Hi Vera,
I reply to a couple of points, Daniele will reply to the first part
> I am still not quite sure what is done with the first bin:
> we add all data and MC up to the Mx cut into one bin, ok?
> but is that bin then treated in the fit un the same way as all other bins?
>
yes, C_u,C_c and C_o are extracted from a single fit to all bins
> In looking at all this, I am coming back to the earlier suggestion that we should
> perform a combined fit to the enhanced and depleted samples. The depleted
> sample should fix the b > c background, the enriched sample to extract the b> u
> signal. One would need to be careful to treat the errors and correlations correctly.
> Experienced users of MINUIT could assist here.
> This should allow us to understand the correlations between C_u and C_c!
> This should also help to estimate and limit the uncertainty on the s.l. branching ratios by checking the fit quality for different assumptions on the BR, not just the change in fit values.
>
this would introduce a dependency on the knowledge of the kaonID
efficiencies and misidentification rates which would be much larger than
the SL branching fraction (and worse determined)
> BTW: On page 62, Eq. 23 the parameters have incorrect subscripts,
> also, it should be made clear which interval in M_x is actually fitted.
> The statement about the signal events N_u=... is fuzzy as to the use
> and its relation to C_s!!
there is no relation to C_u (sorry for the incorrect labelling will be
fixed in the next version), the signal normalization is floated in the
fit, but then ignored. The formula for N_u is the one actually used.

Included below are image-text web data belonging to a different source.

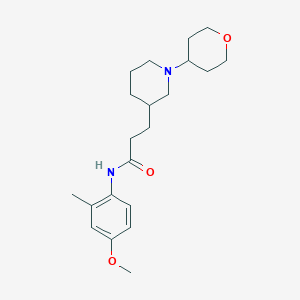 molecular formula C21H32N2O3 B6057599 N-(4-methoxy-2-methylphenyl)-3-[1-(tetrahydro-2H-pyran-4-yl)-3-piperidinyl]propanamide 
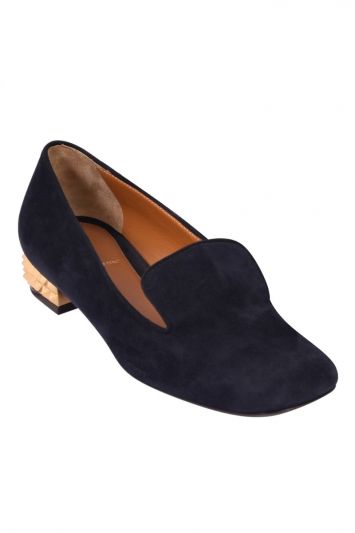 Fendi Navy Blue Suede Studded Heel Smoking Slippers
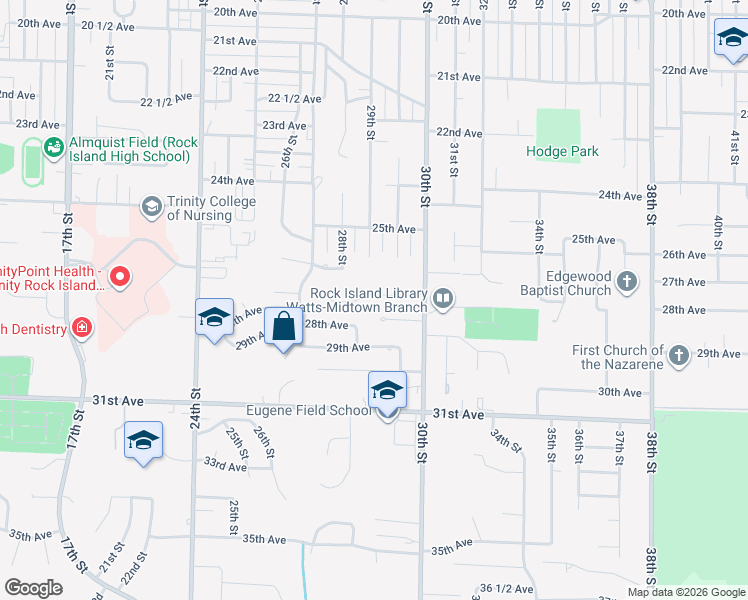 map of restaurants, bars, coffee shops, grocery stores, and more near 2900 27th Avenue in Rock Island
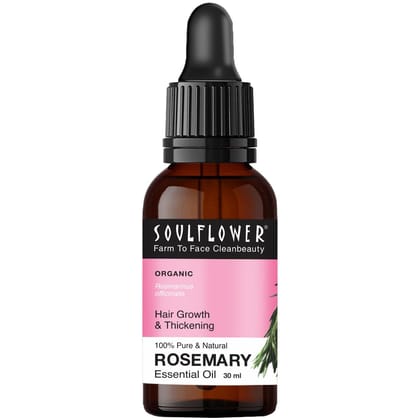 Soulflower Rosemary Essential Oil for Hair Growth, Hair Fall Control, Nourishment & Strengthening, Skin Care| Clinically Tested and Ecocert Certified Organic 100% Pure & Natural Undiluted, 30ml Soulflower Rosemary Essential Oil for Hair Growth, Hair Fall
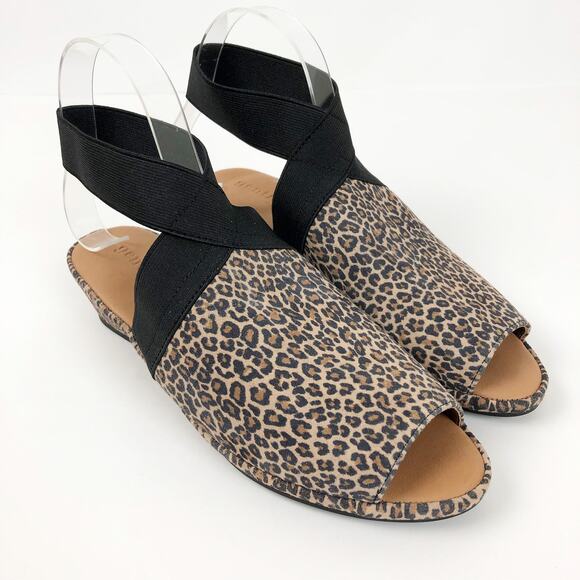 GENTLE SOULS KENNETH COLE Lily Sandal X Cross Elastic 7.5 Tan Fossil Leopard NIB - Picture 5 of 11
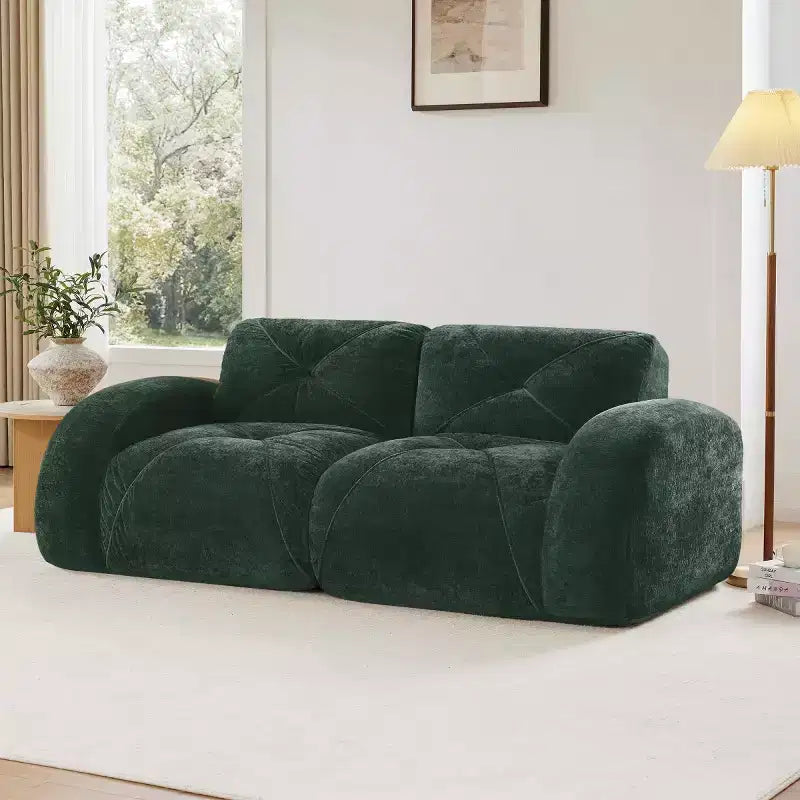 Canapé sectionnel moderne Cloud, petit canapé 2 places en velours doux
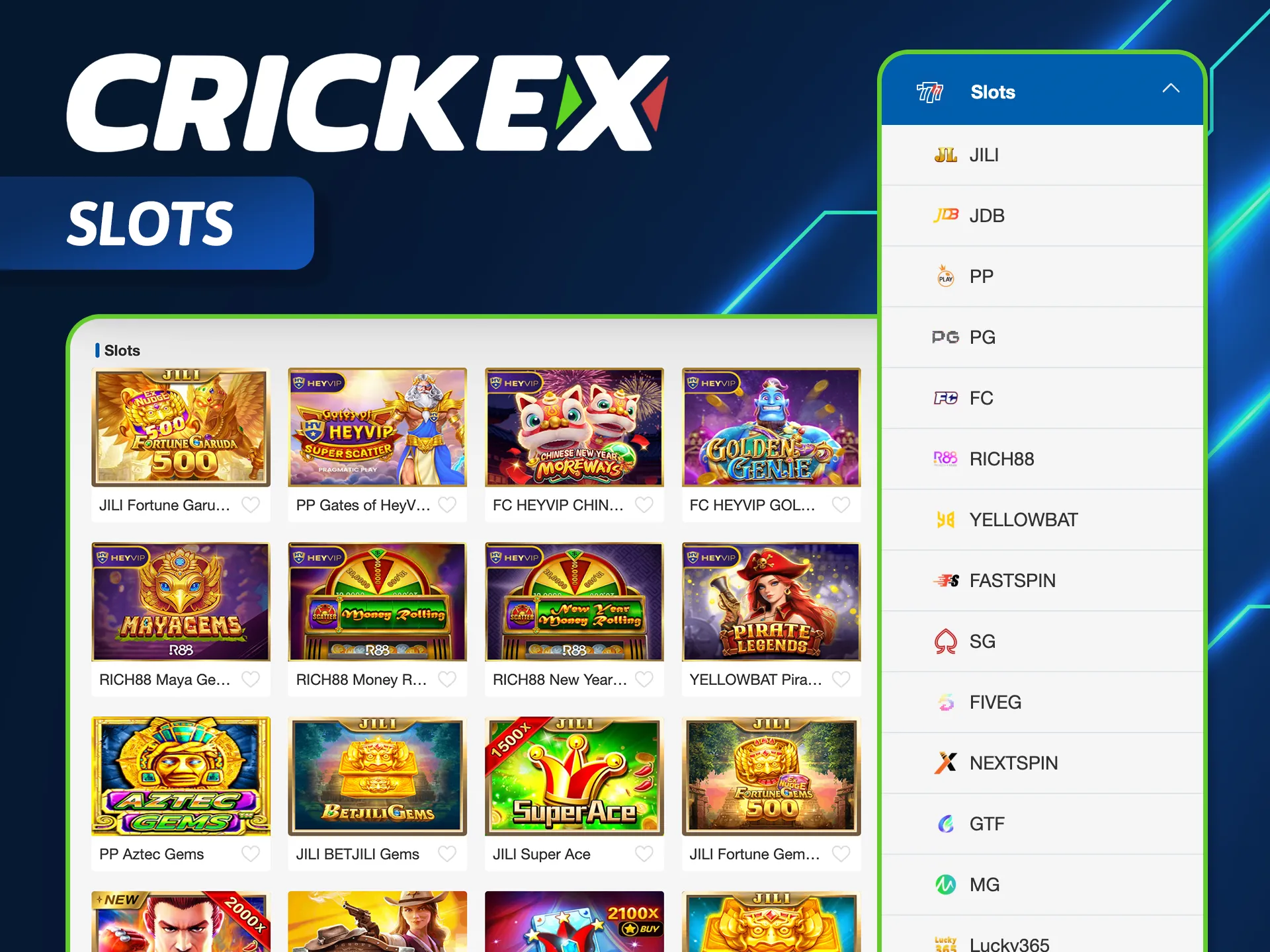 Spin and win on thousands of Crickex slots, ranging from classic 3-reel games to modern video slots with massive multipliers.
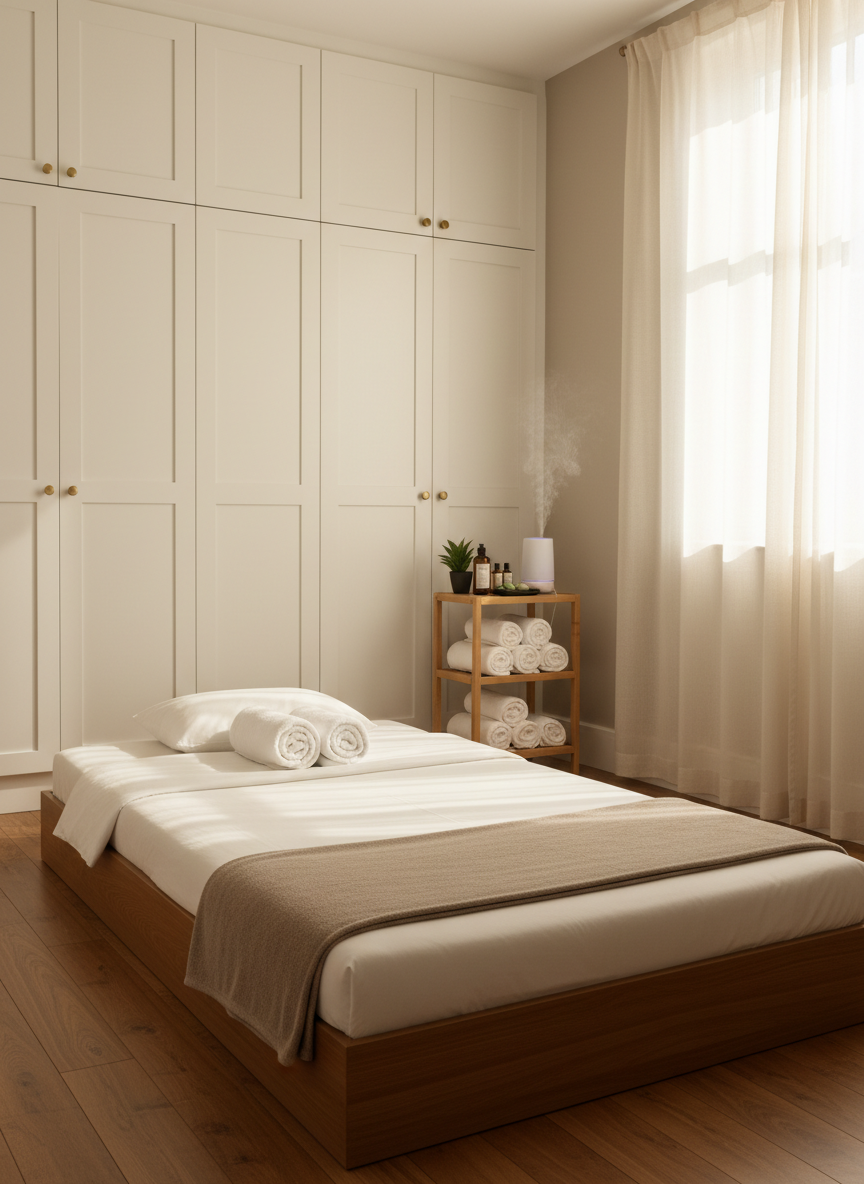 A neatly arranged Thai massage treatment room in a private Portsmouth apartment, shown in photographic realism. A low, wide massage bed with crisp white linens and a soft taupe blanket sits centered on warm wooden flooring. Discreet storage cabinets and a small bamboo shelf hold neatly folded towels, natural massage oils, and a simple ceramic diffuser releasing a gentle mist. Soft afternoon light filters through sheer curtains, creating a calm glow and delicate shadows on the walls. The mood is professional, spotless, and inviting, suggesting appointment-only privacy. Shot at eye level with balanced composition and moderate depth of field so the entire room appears sharp, conveying trustworthiness and comfort without any people present.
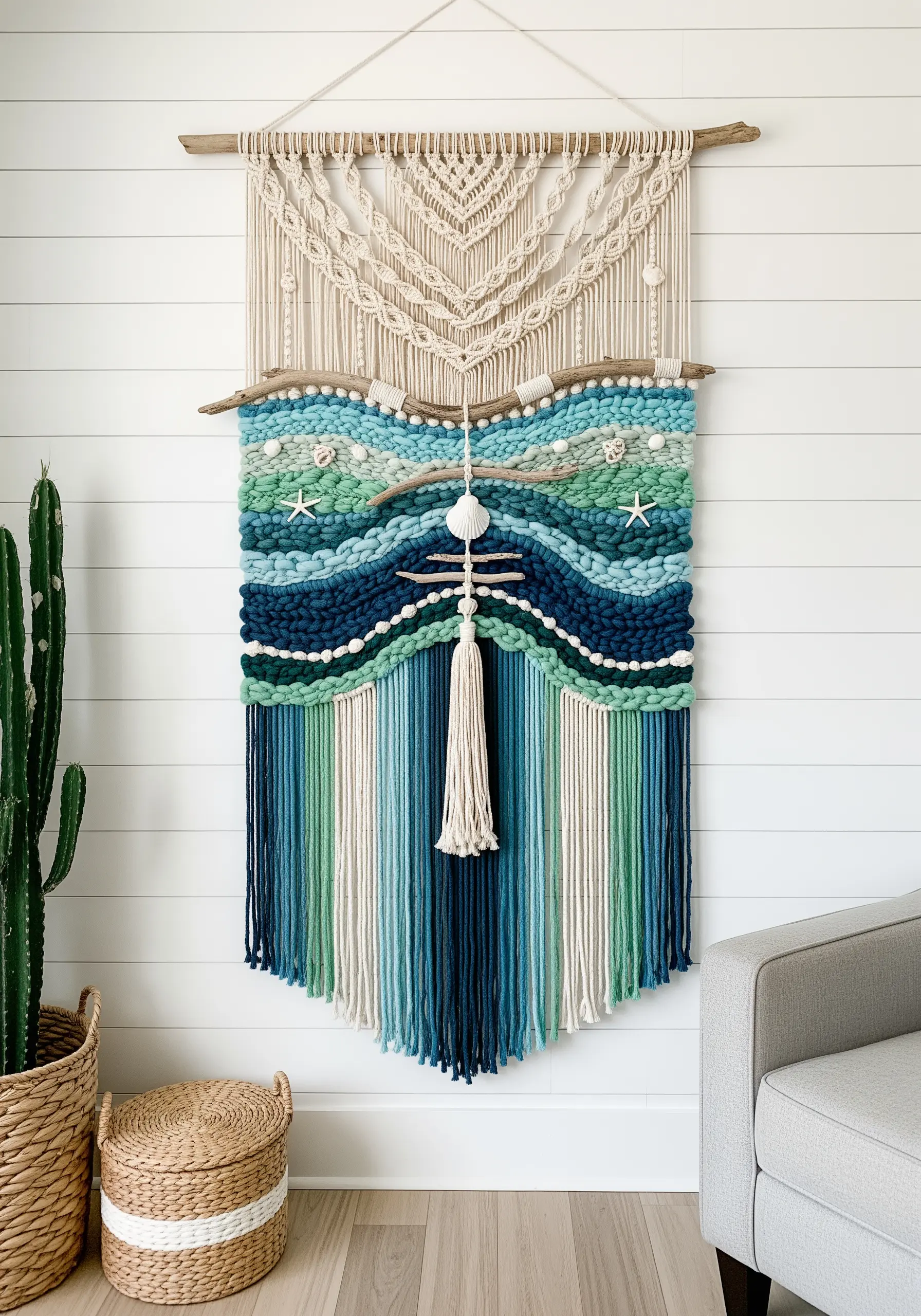 A macrame and woven wall hanging in coastal blues and greens, embellished with shells and driftwood.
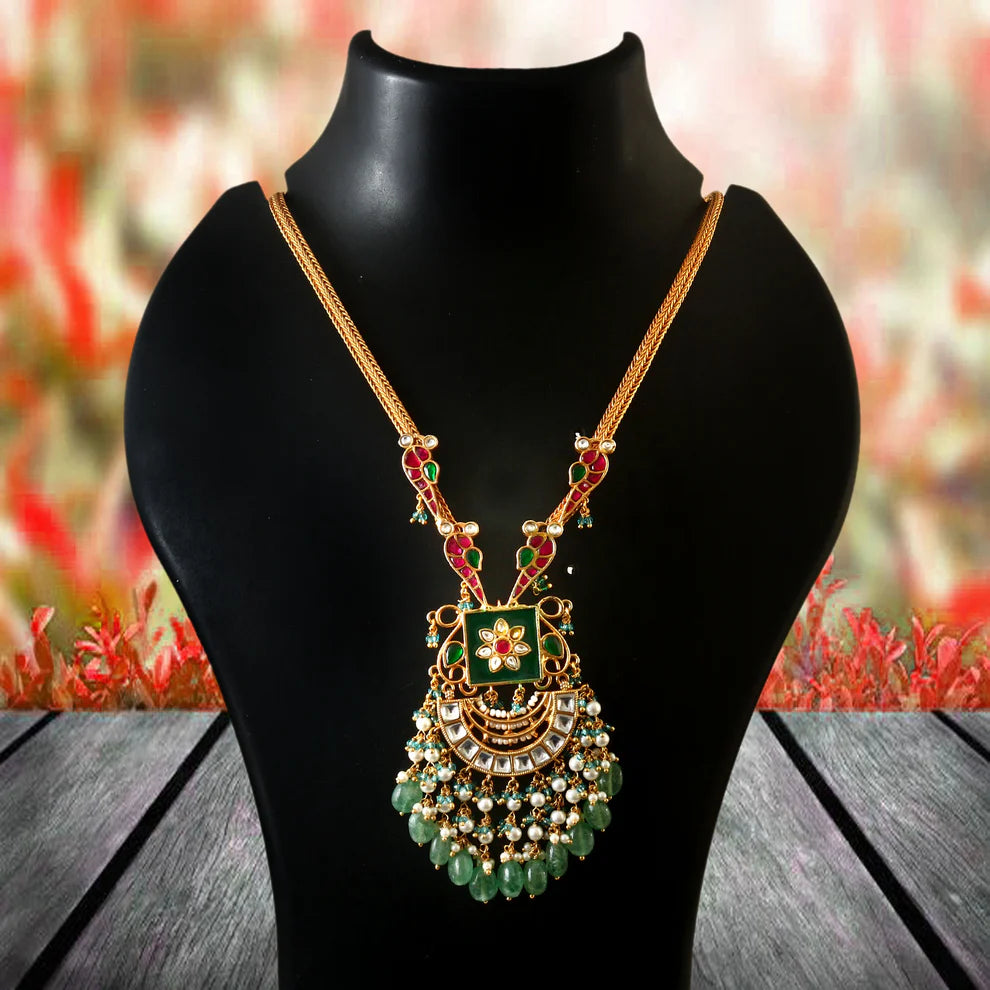 Assamese Traditional Gold Plated Jethi Design Necklace Set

> Likewise, Eq. 26 and the reasoning about the other backgrounds remains very obscure! \
> If Eq is exact as you state (which it is not), then please explain
> the rest more clearly. This is best done to write the exact formulation,
> and then show the simplification you chose. I tried this in the earlier version, but
> apparently I did not agree with Riccardo's view of this problem.
>
My point is that instead of the signal and the background measured
separately we use the linear combination in equation 26 because it is less
sensitive to the effect if mixing, but then we use the same formula to
calculate efficiencies and to estimate signal and background shapes.
> On a totally different subject: Figure 6b
> Shouldn't we expect to see a peaking here from this cross feed?
> Valerie apparently sees a small peak leading to a correction!?
this is done with mo lepton requirement, therefore also the peaking
background is covered by background. At the end of the selection there is
some peaking background and you can find its Mx distribution in
figure 90.
bye and Happy New Year
Ric
>
> Thanks again for input,
> Vera
>
>
>
>
>
>
>
>
> Original Message
> From: Del Re, Daniele
> Sent: Thursday, January 02, 2003 11:57 AM
> To: vubrecoil
> Subject: fitted BR for b>clnu events
>
>
>
> Hi,
>
> first of all happy New Year.
>
>
> As requested by Vera, I produced the results for the fitted
> BR for b>clnu events.
>
> Here you can find all numbers for the different subsamples.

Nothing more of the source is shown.